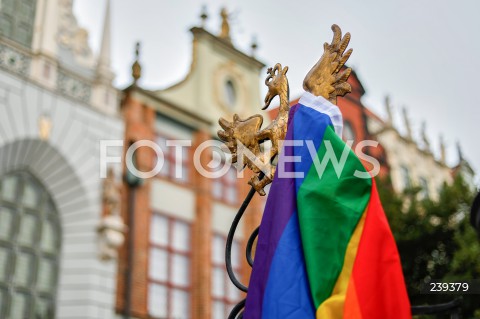  20.08.2020 GDANSK<br />
PROTEST JESTEM LGBT - PRZECIWKO PRZEMOCY I MOWIE NIENAWISCI WOBEC SPOLECZNOSCI LGBTQ+<br />
N/Z GODLO ORZEL Z FLAGA LGBT<br />
 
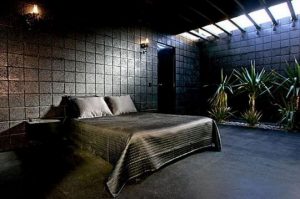 Спальня в черном тоне для стиля лофт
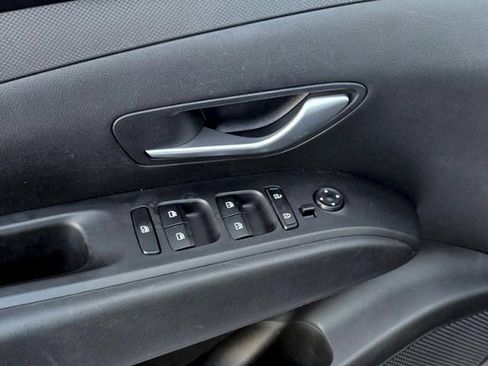 Used 2023 Hyundai Tucson SEL image 22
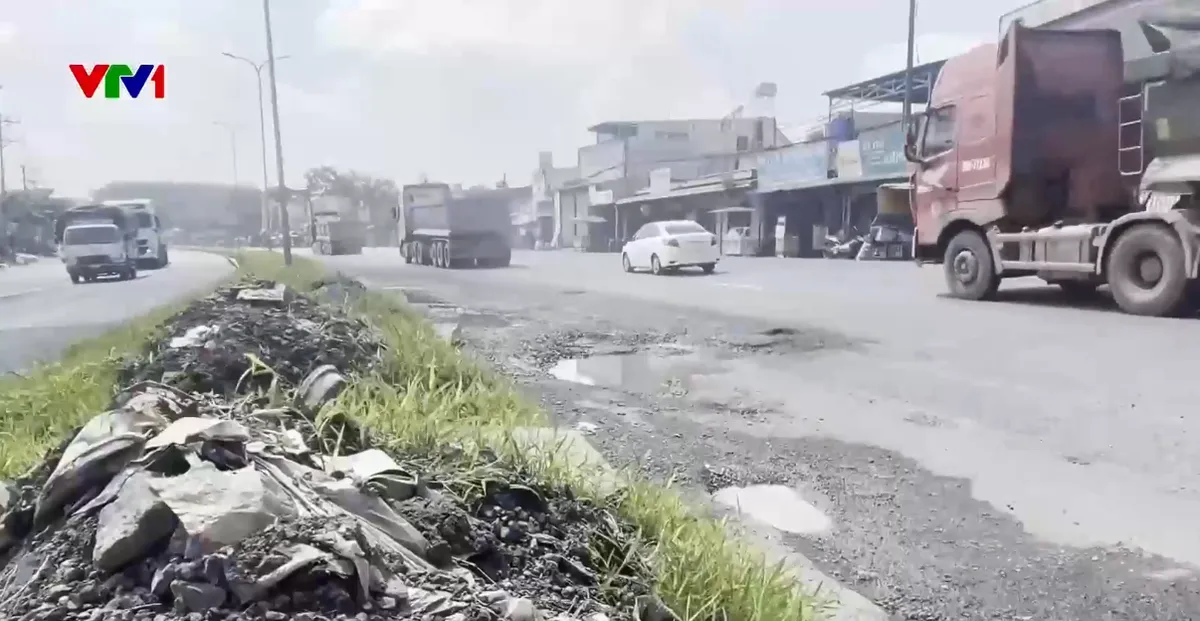 Quốc lộ 51 qua Đồng Nai tiếp tục xuống cấp- Ảnh 1. Quốc lộ 51 qua Đồng Nai tiếp tục xuống cấp- Ảnh 1.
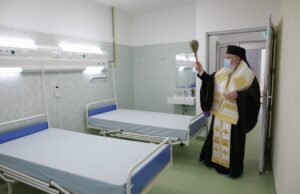 Un bărbat din Craşna, judeţul Vaslui, tată al unui băiat în vârstă de 13 ani, decedat de leucemie, a cerut ajutorul preotului din sat pentru a-l înmormânta pe bietul copil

○ ○ ○ ○ ○

Would you copy out, exactly and with no pictures, only the lines above from the one that contains "PROTEST JESTEM LGBT" through the one that contains "Ảnh 1. Quốc"?

## RESPONSE TO THE TASK
PROTEST JESTEM LGBT - PRZECIWKO PRZEMOCY I MOWIE NIENAWISCI WOBEC SPOLECZNOSCI LGBTQ+<br />
N/Z GODLO ORZEL Z FLAGA LGBT<br />
 
 Спальня в черном тоне для стиля лофт
 Used 2023 Hyundai Tucson SEL image 22
 Quốc lộ 51 qua Đồng Nai tiếp tục xuống cấp- Ảnh 1. Quốc lộ 51 qua Đồng Nai tiếp tục xuống cấp- Ảnh 1.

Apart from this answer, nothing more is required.